__Task requirements__:
Your output should be the complete listing, word for word, with no pictures in it.

__Data section__:
──────

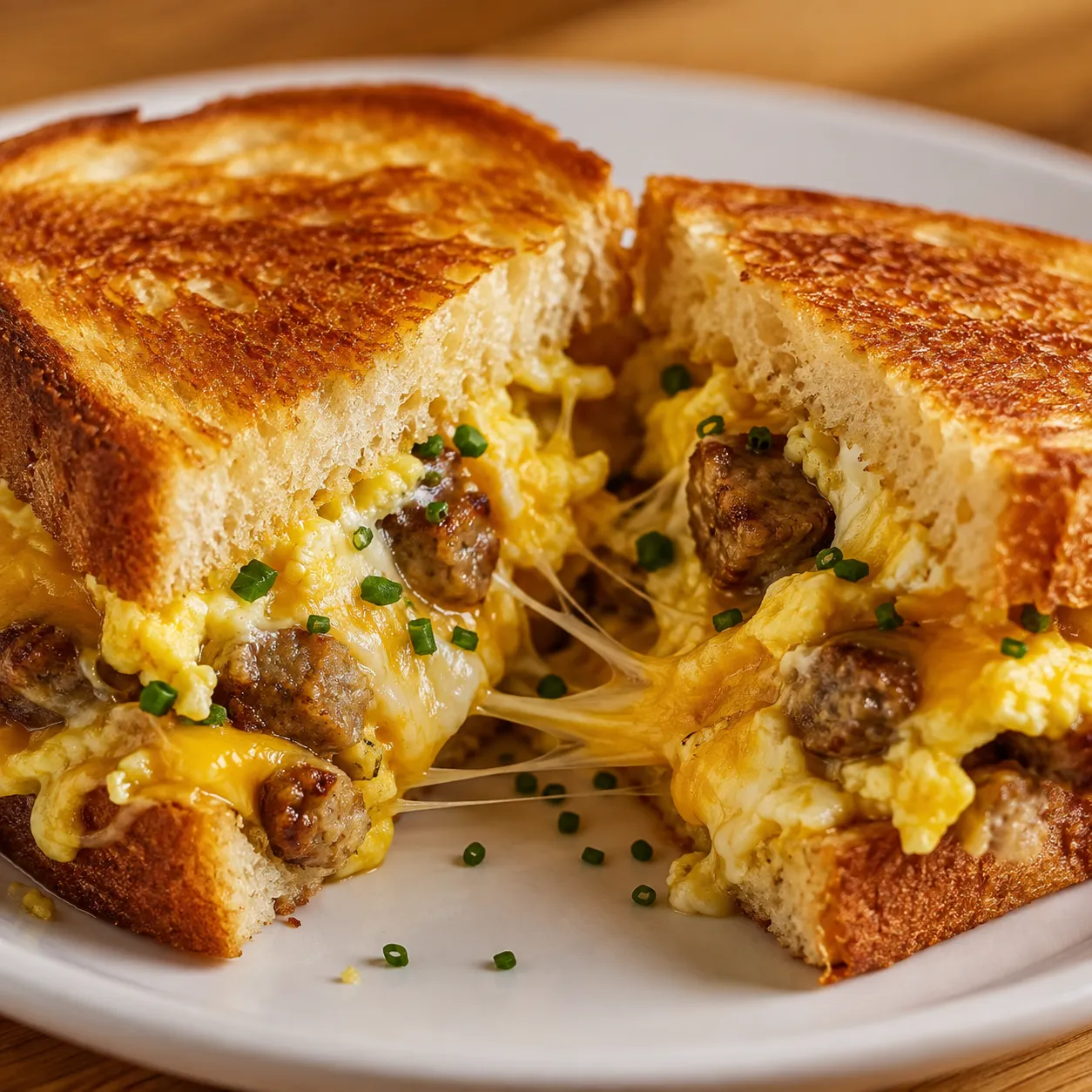 Breakfast grilled cheese with eggs, sausage, and melted Colby-Jack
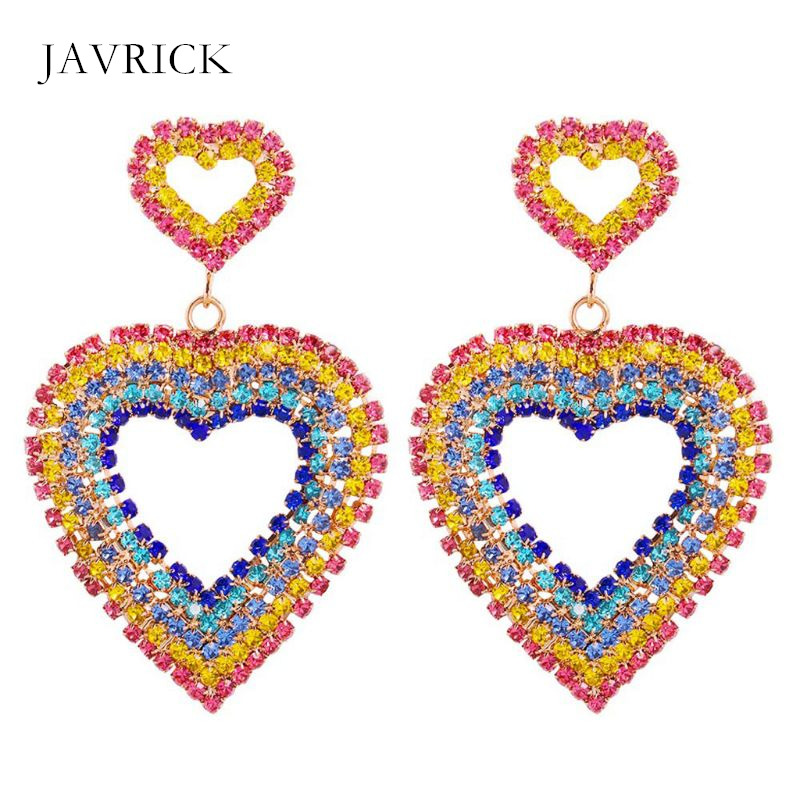 

Rainbow Crystal Earrings Colorful Rhinestone Dangle Earrings Statement Jewelry Women Lady Ear Accessories Jewelry Gift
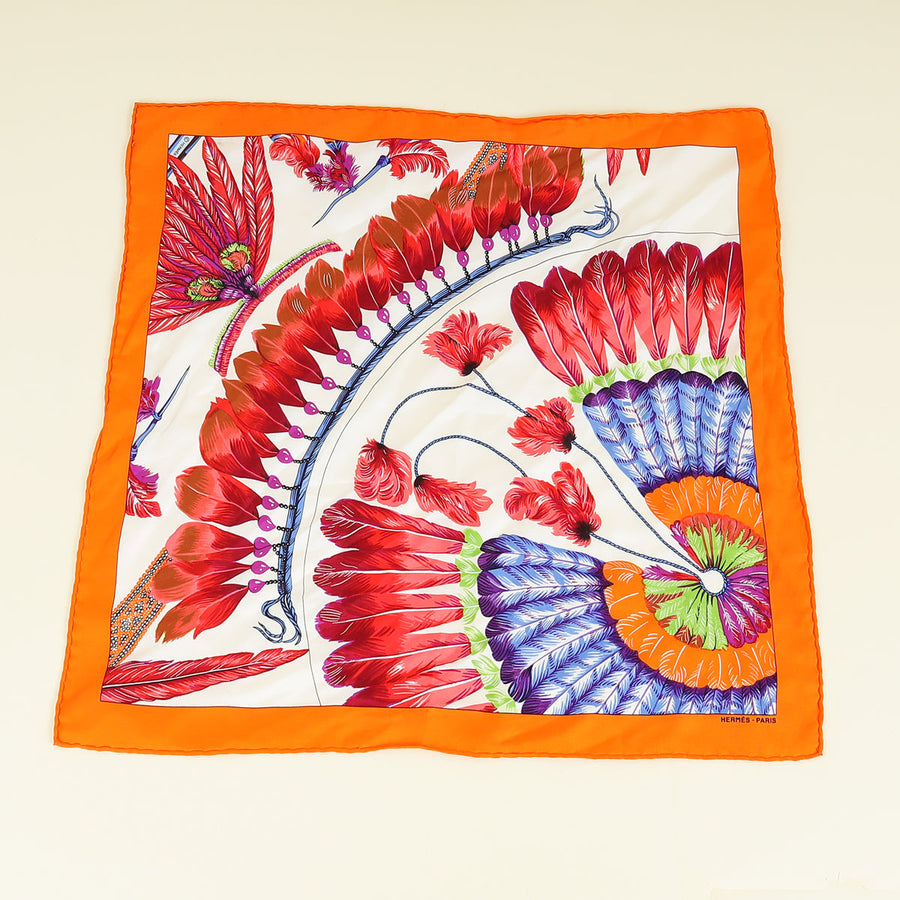 Hermes Orange Multicolor Brazil Detail Silk Scarf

──────

__The completed task__:
 Breakfast grilled cheese with eggs, sausage, and melted Colby-Jack

Rainbow Crystal Earrings Colorful Rhinestone Dangle Earrings Statement Jewelry Women Lady Ear Accessories Jewelry Gift
 Hermes Orange Multicolor Brazil Detail Silk Scarf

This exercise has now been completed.